This soup is an institution in Lucca and its surrounding area.


  • 1 small onion, finely chopped
  • 1 small carrot, finely chopped
  • 1 stick celery, finely chopped
  • 2 tbsp olive oil
  • 2 ounces pancetta
  • 1 sprig rosemary
  • 4 to 5 fresh sage leaves
  • 1 pinch salt and pepper, to taste
  • 8 oz peeled tomatoes
  • 12 oz can borlotti beans
  • 3 cups vegetable stock, more to taste
  • 3 cups water
  • 1 cup of farro (semi-pearled or pearled)
  • 1 scallion, chopped
  • 1 splash extra-virgin olive oil for serving


Heat the olive oil in a wide soup pot or saucepan; add the chopped onion, carrot and celery and gently cook until soft and translucent. Add the pancetta and continue cooking until the fat has melted. Add herbs, peeled tomatoes and season with salt and pepper. Add the borlotti beans, along with their liquid. Stir to combine everything and add 2 cups of vegetable stock, plus 2 cups of water. Bring the mixture to a simmer, cook 10 minutes uncovered and remove from heat. Remove the rosemary stick and using a blender or food processor, blend until smooth. Add the farro to the bean purée, along with a cup of vegetable stock and a cup of water. Continue cooking over a low flame for 30 to 40 minutes, stirring occasionally, until the farro is cooked al dente. Serve with chopped scallion, freshly ground black pepper and extra virgin olive oil drizzled over the top.

Tordelli alla Lucchese

Admittedly, this is a very long recipe with many ingredients and many steps; however, one cannot discuss the cuisine of the province without including its signature recipe, no matter how complex it may be.

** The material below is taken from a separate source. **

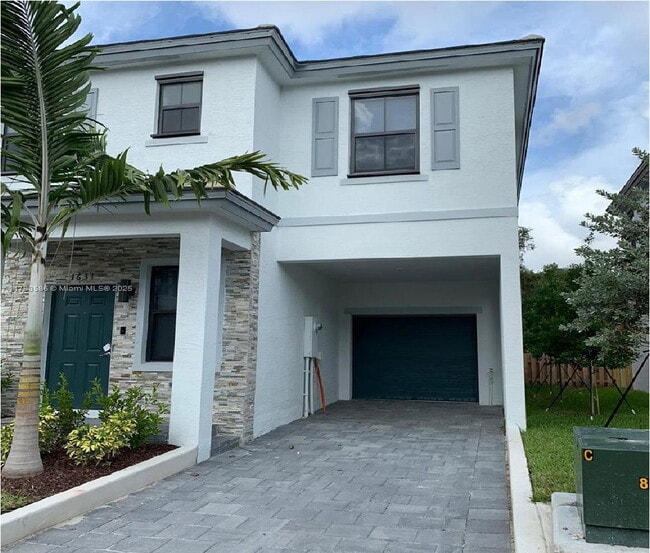 Photo - 1631 SW 28th St Townhome
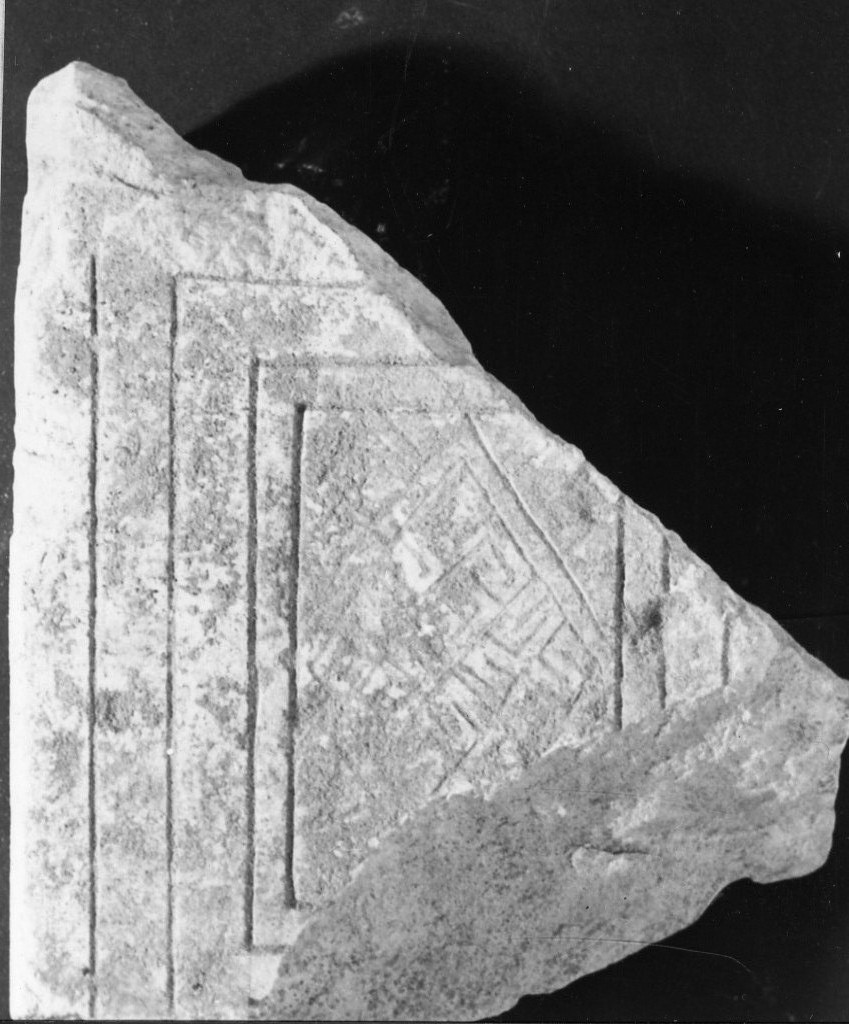 stele/ stele - produzione daunia (fine/ fine secc. VII/ VI a.C)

For Il Ripieno – the Meat Filling

  • 1 ½ lb meat (beef, pork, rabbit), cut into 3”x 3” cubes
  • salt and fresh ground black pepper, to taste
  • 1/4 cup chopped fresh herbs (sage, marjoram, thyme, rosemary and Italian parsley)
  • 1/8 tsp ground cinnamon
  • 1/8 tsp ground cloves
  • 1/4 cup plus 3 tbsp extra-virgin olive oil
  • ½ pound Swiss chard, well washed and stemmed
  • ½ cup day-old course bread crumbs
  • ½ cup chopped cured meats (such as mortadella, salami or prosciutto)
  • 5 tbsp freshly grated Parmigiano-Reggiano cheese
  • 1 egg, beaten
  • beef broth, as needed


Preheat the oven to 400°F. Season the meat with salt, pepper, fresh herbs, spices and 1/4 cup of the olive oil. Place the mixture in a roasting pan and roast for 25 to 30 minutes, stirring occasionally, until the meat is well done.

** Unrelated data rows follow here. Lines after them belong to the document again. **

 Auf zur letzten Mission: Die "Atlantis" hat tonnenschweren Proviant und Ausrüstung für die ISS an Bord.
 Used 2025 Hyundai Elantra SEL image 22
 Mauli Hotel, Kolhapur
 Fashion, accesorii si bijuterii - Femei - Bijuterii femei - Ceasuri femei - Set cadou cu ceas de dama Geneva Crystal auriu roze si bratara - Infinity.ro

While the meat is cooking, place the Swiss chard with the water still clinging to its leaves into a medium pot, cover and heat it over medium-high flame, stirring occasionally. When the chard has wilted (about 7 minutes), drain and squeeze out as much water as possible. Chop the chard roughly.

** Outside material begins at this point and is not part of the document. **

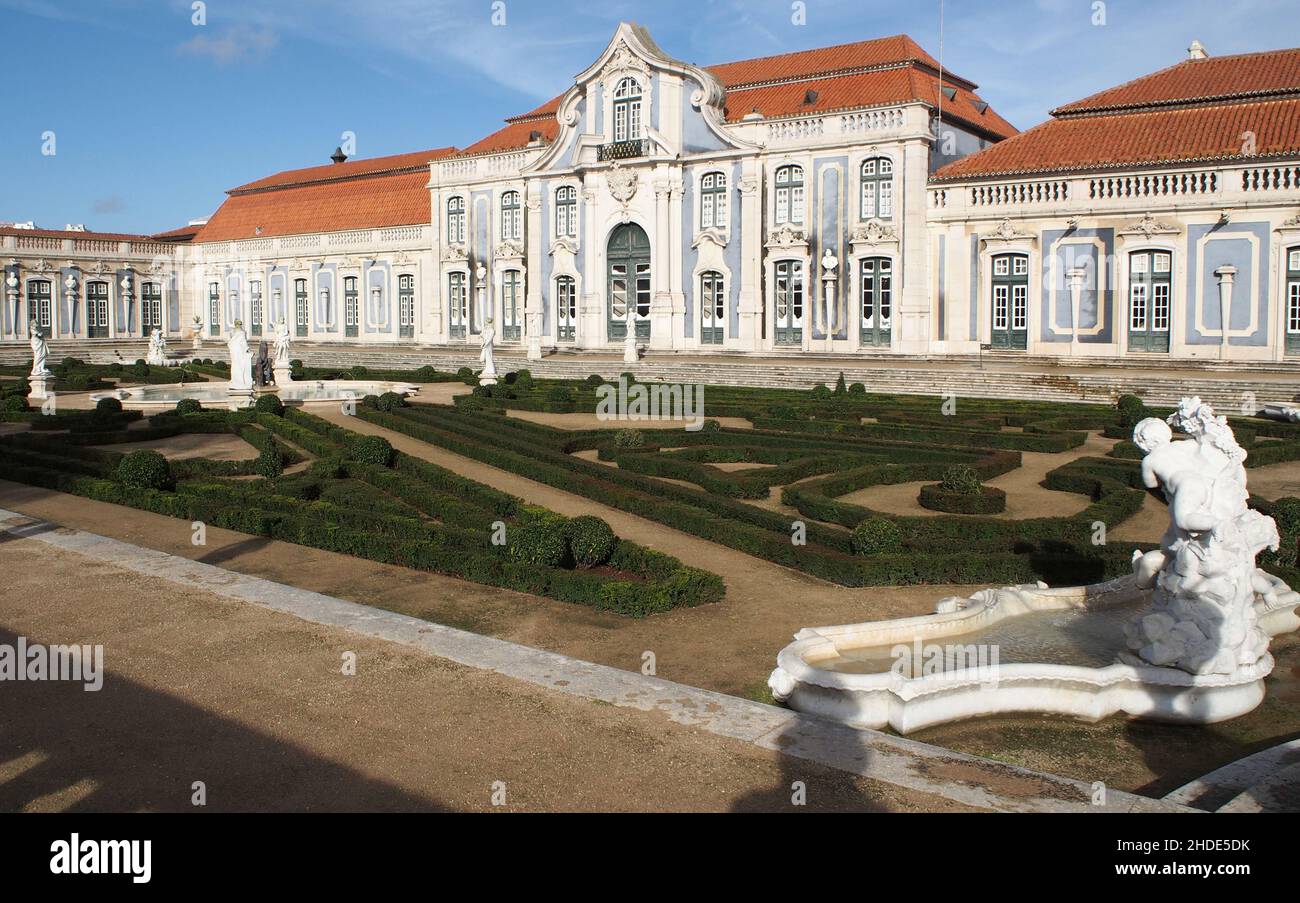 Salón de baile del Palacio de Queluz, cuidados jardines de Malta en la vanguardia, cerca de Lisboa, Portugal Foto de stock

In a medium frying pan, heat the remaining 3 tablespoons of olive oil and add the chopped Swiss chard. Cook it for 2 minutes, then set aside to cool.

When the meat is done, place it in the bowl of a food processor along with its roasting juices, the Swiss chard, bread crumbs, cured meat, Parmigiano-Reggiano and an egg. Pulse until everything is well blended. If the mixture is dry, add some beef broth, a tablespoon or so at a time. Adjust the seasoning and set the mixture aside, allowing it to cool before using.

For the Tordelli Dough

  • 4 ½ cups unbleached with flour
  • 5 large eggs, plus 5 large egg yolks
  • 2 tbsp extra-virgin olive oil
  • ½ cup water
  • 2 tsp salt


Mound the flour on a clean work surface and form a well in the center. Add the eggs and the egg yolks to the well and then add the olive oil, ½ cup of the water and the salt. Use one hand to mix the eggs and the other to hold up the wall of the flour well from the outside. Gradually begin incorporating the flour from the inside wall of the well into the eggs. When the eggs are no longer runny, push in the walls of the flour and work the mixture into a mound of soft crumbs. Gather the mixture together and begin working it into a ball. If it seems too dry, add up to 1/4 cup more water, a tablespoon at a time. Once the dough has formed, knead it vigorously for 10 minutes, until it is elastic and smooth. Cover it with a kitchen towel and let it rest for an hour.

To make the tordelli, lightly flour the work surface. Pinch off a baseball-sized portion of dough and flatten it. Using a rolling pin, roll into a rectangular sheet, no more than 1/8 inch thick (preferably even thinner). With a knife, trim the pasta into a long strip, approximately 3 inches wide.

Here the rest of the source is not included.